Information provided
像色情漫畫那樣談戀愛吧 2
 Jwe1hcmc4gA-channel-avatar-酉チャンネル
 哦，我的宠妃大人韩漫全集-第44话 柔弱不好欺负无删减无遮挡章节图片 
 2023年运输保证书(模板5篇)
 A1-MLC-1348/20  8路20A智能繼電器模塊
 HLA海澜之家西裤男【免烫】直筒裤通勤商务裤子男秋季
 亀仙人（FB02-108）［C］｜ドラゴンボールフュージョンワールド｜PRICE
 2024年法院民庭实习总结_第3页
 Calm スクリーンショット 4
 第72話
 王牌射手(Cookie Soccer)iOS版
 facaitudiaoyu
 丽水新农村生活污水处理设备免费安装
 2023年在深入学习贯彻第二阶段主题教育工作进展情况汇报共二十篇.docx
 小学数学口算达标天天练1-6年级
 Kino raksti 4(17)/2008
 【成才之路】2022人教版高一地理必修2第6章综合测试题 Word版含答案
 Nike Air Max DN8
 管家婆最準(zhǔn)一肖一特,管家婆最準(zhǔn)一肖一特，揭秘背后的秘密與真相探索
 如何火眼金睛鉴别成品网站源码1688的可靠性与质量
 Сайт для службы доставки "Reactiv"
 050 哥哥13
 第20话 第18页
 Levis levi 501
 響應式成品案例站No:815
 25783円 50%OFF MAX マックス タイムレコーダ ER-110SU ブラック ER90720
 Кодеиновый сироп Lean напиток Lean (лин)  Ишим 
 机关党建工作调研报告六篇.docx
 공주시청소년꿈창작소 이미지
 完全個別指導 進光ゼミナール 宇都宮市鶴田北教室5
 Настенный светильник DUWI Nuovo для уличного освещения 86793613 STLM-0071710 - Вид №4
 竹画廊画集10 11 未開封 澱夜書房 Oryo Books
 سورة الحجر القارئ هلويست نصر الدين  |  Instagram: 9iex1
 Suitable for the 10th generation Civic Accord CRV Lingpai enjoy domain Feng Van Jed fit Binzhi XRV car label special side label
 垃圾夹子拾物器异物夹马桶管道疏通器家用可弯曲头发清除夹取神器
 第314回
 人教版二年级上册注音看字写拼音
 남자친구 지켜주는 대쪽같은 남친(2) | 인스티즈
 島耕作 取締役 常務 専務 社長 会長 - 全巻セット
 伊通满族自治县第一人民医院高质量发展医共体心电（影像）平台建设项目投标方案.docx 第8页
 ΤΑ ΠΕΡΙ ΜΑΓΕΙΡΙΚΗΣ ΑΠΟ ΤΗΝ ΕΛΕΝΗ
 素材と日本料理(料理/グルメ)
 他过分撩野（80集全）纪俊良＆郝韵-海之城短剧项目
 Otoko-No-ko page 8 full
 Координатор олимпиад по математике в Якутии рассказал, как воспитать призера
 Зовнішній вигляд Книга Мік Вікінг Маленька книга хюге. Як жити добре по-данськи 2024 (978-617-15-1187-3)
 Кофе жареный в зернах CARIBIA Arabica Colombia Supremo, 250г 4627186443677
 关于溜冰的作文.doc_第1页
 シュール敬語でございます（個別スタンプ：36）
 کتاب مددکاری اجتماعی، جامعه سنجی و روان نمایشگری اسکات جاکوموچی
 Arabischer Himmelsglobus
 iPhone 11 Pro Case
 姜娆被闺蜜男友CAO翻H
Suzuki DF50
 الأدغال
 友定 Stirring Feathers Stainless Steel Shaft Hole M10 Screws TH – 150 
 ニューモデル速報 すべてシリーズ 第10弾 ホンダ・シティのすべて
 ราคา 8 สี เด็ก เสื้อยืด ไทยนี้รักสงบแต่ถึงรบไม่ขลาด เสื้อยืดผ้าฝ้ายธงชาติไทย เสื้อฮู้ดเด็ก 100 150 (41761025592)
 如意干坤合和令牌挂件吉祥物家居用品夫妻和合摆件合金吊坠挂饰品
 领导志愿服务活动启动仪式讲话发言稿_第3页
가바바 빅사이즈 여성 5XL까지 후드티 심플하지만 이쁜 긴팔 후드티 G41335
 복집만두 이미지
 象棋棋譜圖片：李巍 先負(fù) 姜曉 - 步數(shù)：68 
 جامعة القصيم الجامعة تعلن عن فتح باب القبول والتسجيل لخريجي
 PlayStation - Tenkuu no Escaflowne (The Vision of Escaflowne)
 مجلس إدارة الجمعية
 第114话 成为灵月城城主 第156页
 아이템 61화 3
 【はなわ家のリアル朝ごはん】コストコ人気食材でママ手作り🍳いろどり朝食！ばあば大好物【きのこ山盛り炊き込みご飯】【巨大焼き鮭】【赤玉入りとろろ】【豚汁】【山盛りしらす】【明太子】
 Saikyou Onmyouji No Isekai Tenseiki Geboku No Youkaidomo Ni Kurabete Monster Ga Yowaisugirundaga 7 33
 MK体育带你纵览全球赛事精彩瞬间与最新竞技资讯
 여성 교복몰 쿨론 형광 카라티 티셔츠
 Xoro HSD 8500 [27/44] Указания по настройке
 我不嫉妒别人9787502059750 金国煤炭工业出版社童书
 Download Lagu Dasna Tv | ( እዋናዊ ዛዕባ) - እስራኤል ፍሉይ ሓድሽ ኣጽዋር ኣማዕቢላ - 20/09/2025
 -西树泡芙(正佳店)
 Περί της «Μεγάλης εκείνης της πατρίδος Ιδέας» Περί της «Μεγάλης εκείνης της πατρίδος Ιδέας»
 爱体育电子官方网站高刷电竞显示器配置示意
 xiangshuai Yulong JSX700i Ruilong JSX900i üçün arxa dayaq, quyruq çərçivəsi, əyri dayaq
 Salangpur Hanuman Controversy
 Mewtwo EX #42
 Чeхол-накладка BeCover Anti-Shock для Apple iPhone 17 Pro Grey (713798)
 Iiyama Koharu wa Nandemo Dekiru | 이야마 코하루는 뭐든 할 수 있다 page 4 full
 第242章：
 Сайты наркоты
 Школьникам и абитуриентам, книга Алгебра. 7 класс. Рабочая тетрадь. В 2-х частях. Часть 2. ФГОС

Exercise goal
Look above for the line holding "人教版二年级上册注音看字写拼音". Print it and every line after it, exactly, through the line holding "Otoko-No-ko page 8 full".

Answer box
 人教版二年级上册注音看字写拼音
 남자친구 지켜주는 대쪽같은 남친(2) | 인스티즈
 島耕作 取締役 常務 専務 社長 会長 - 全巻セット
 伊通满族自治县第一人民医院高质量发展医共体心电（影像）平台建设项目投标方案.docx 第8页
 ΤΑ ΠΕΡΙ ΜΑΓΕΙΡΙΚΗΣ ΑΠΟ ΤΗΝ ΕΛΕΝΗ
 素材と日本料理(料理/グルメ)
 他过分撩野（80集全）纪俊良＆郝韵-海之城短剧项目
 Otoko-No-ko page 8 full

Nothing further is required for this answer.